The Respondent has not introduced any of its own evidence to contradict these assertions. The Panel finds that the Respondent’s activity – as described by the Complainant and supported by the record – does not rise to the level of a bona fide use of the disputed domain name, nor does it meet any of the other criteria set out in the Policy that could show the Respondent’s rights or legitimate interests in the disputed domain name. Accordingly, the Complainant has established, prima facie, that the Respondent lacks rights or legitimate interests in the disputed domain name, and the Respondent has not come forth with evidence to rebut that showing. The Panel finds that the Complainant has satisfied this second element of the Policy.
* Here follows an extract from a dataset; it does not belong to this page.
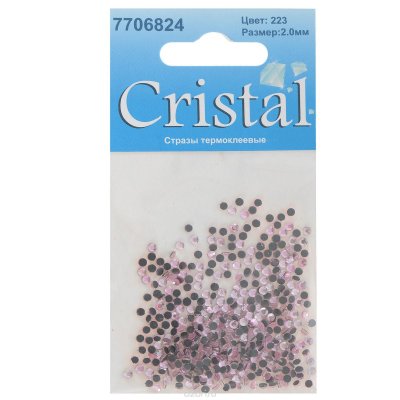     "Cristal", : - (223),  2 , 432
C. Registered and Used in Bad Faith
The Panel finds that because of the longstanding use, and registration of, the Complainant’s marks, such marks are well known, and it is therefore more likely than not that the Respondent was aware of those marks when it registered the disputed domain name. Moreover, the Panel notes that the disputed domain name is a slight misspelling of the Complainant’s domain name <cerbaresearch.com>. In the circumstances of this case, the aforementioned is sufficient to establish bad faith registration of the disputed domain name. Bad faith use is clear from the Respondent’s activities of using the disputed domain name to engage in fraudulent activities as described above. For these reasons, the Panel finds that the Complainant has successfully met this third UDRP element.
For the foregoing reasons, in accordance with paragraphs 4(i) of the Policy and 15 of the Rules, the Panel orders that the disputed domain name <cerbarsearch.com> be transferred to the Complainant.